Sanepid informuje: woda pobierana przez mieszkańców w Złotym Stoku, Błotnicy i Płonicy nie nadaje się do spożycia.
Powód? Przekroczenie dopuszczalnych wartości bakterii Clostridium perfringens. Komunikat jest aktualny od 19 lutego i obowiązuje do odwołania.

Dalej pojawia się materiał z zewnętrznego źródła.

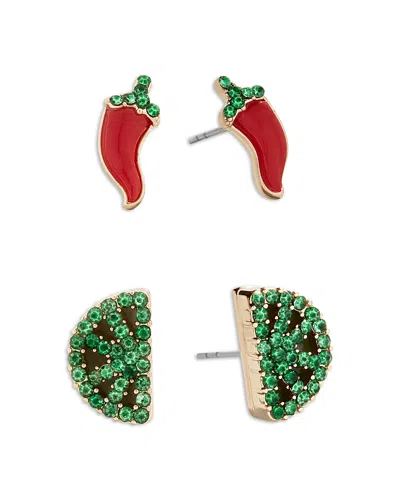 BAUBLEBAR HOT TAKE GREEN PAVE PEPPER STUD EARRINGS IN GOLD TONE, SET OF 2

Woda pobrana bezpośrednio z kranu z sieci wodociągowej nie może być spożywana ani używana do przyrządzania potraw. Zakazuje się w niej także mycia zębów, płukania naczyń oraz kąpieli. Woda nadaje się jedynie do sprzątania i spłukiwania ustępów.
[AKTUALIZACJA, g. 19.30]: Wszczęto działania naprawcze mające na celu przywrócenie jakości wody do wymogów sanitarnych. W dniu dzisiejszym pobrano próbki wody do badań porównawczych. Pierwsze wyniki będą znane w dniu jutrzejszym (20 lutego).
Do czasu odwołania komunikatu SANEPID-u, od godzin porannych 20.02.2020 r. (czwartek), Spółka „Wod-Kan” będzie realizowała zastępczy dowóz wody. Do czasu zastępczego dowozu wody prosimy o zaopatrzenie się w wodę butelkowaną.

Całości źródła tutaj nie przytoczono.